New Delhi, April 20 (IANS) Shares of Indian Energy Exchange Ltd (IEX) slipped over 7 per cent on Monday after the Central Electricity Regulatory Commission (CERC) released a draft notification on power market norms that included a framework for market coupling.
The regulator invited public comments on the move to reintroduce market coupling — a mechanism that would create a single, uniform price for electricity across trading platforms.
If implemented, the move is likely to hit IEX’s market share and dominance in the power segment. IEX shares were trading at Rs 125.59 apiece, down Rs 10.22, or 7.53 per cent.

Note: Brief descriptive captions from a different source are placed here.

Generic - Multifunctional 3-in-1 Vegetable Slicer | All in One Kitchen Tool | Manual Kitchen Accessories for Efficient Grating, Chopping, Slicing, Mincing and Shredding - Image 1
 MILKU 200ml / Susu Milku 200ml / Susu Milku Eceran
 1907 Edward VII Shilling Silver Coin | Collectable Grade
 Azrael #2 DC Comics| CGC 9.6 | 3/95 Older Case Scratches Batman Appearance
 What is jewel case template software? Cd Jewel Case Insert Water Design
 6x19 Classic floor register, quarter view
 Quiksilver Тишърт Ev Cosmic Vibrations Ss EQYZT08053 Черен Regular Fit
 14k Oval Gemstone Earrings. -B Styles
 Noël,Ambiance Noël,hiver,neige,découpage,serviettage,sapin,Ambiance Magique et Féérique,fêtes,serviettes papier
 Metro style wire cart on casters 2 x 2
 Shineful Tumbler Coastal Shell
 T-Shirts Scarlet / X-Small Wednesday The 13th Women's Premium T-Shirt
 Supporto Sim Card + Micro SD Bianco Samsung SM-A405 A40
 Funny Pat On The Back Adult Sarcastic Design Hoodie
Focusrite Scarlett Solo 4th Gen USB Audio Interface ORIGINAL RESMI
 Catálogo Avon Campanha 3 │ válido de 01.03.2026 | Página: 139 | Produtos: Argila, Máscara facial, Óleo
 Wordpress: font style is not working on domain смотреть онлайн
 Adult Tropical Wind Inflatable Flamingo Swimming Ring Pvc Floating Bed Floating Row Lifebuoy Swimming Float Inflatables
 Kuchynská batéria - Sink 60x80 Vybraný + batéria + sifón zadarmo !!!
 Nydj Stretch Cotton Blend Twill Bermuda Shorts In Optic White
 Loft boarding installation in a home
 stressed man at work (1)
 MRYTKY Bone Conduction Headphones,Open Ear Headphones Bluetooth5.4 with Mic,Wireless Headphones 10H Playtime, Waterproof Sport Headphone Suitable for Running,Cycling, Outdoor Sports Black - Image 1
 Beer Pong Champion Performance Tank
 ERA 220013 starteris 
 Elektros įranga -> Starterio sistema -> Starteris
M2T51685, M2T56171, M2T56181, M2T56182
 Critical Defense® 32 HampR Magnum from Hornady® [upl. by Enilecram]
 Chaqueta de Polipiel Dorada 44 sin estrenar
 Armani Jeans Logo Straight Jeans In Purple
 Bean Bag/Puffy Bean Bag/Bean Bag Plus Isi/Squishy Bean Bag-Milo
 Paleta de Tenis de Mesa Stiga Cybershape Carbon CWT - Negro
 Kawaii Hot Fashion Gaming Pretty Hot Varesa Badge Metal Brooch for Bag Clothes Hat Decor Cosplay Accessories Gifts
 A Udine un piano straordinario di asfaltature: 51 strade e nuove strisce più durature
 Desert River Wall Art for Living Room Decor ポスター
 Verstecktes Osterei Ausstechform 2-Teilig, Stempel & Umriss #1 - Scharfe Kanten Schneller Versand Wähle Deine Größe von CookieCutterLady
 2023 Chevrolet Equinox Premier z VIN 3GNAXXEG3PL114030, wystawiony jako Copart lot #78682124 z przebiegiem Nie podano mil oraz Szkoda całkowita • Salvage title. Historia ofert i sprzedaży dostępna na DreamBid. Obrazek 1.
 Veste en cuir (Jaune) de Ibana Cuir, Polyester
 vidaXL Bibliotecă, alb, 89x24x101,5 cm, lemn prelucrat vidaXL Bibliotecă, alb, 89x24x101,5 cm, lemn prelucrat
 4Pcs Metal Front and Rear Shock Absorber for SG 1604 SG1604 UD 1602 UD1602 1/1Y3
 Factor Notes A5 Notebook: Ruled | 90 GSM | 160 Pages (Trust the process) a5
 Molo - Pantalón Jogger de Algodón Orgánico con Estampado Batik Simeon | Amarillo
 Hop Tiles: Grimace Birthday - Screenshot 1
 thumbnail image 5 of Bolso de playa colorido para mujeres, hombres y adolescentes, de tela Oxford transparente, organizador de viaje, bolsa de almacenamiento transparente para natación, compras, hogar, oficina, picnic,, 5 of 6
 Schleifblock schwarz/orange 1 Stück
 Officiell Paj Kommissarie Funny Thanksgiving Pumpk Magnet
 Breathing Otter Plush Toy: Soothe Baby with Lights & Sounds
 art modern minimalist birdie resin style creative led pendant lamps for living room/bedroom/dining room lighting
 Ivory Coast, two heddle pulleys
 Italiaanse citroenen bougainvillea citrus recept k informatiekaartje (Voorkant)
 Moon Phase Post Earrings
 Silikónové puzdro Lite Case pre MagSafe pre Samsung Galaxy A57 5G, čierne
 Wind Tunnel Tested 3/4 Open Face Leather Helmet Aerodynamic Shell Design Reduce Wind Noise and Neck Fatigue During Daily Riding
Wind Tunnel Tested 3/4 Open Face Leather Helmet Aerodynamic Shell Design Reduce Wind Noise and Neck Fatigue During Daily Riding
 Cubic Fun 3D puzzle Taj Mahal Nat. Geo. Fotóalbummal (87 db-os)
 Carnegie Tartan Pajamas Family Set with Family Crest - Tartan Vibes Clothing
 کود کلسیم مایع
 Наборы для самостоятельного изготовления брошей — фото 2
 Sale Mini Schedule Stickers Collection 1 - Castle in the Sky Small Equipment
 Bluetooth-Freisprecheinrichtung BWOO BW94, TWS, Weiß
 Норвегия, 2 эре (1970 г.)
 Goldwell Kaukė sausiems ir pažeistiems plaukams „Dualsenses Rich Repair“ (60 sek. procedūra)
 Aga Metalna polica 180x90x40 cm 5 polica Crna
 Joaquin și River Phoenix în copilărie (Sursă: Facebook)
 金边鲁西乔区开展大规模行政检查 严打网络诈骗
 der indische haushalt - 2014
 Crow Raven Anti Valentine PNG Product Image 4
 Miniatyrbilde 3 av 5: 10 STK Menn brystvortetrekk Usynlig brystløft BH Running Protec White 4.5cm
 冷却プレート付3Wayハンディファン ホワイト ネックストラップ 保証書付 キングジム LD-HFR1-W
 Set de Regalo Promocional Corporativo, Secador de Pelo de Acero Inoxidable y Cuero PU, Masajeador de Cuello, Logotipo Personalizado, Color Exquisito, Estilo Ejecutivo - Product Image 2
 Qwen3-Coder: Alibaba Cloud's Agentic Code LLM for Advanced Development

On July 23, 2025, CERC had issued directions to implement market coupling, following which the IEX shares slumped 30 per cent the following day.
According to the previous CERC order, Grid-India would aggregate energy prices across all power trading platforms and publish a single unified price for day-ahead markets.
Currently, electricity trading occurs on three exchanges — IEX, Power Exchange of India and Hindustan Power Exchange of India — with IEX holding about 85 per cent of overall market share and a near‑total presence in the day‑ahead and real‑time markets.
If market coupling is implemented, a single market-clearing price will apply across all exchanges. Buyers and sellers do not have to place bids independently on each exchange, resulting in separate price discovery across the three platforms.
Under the new mechanism, exchanges will gather bids and forward them to the designated agency which will estimate the common price.
Consequently, market coupling removes the dominant exchange- advantage of IEX, with bidders having little incentive to prefer IEX over the other platforms. Since IEX earns most of its revenue from high-volume trading in the Day-Ahead Market and Real-Time Market segments, the market coupling could affect its position and profitability, analysts said.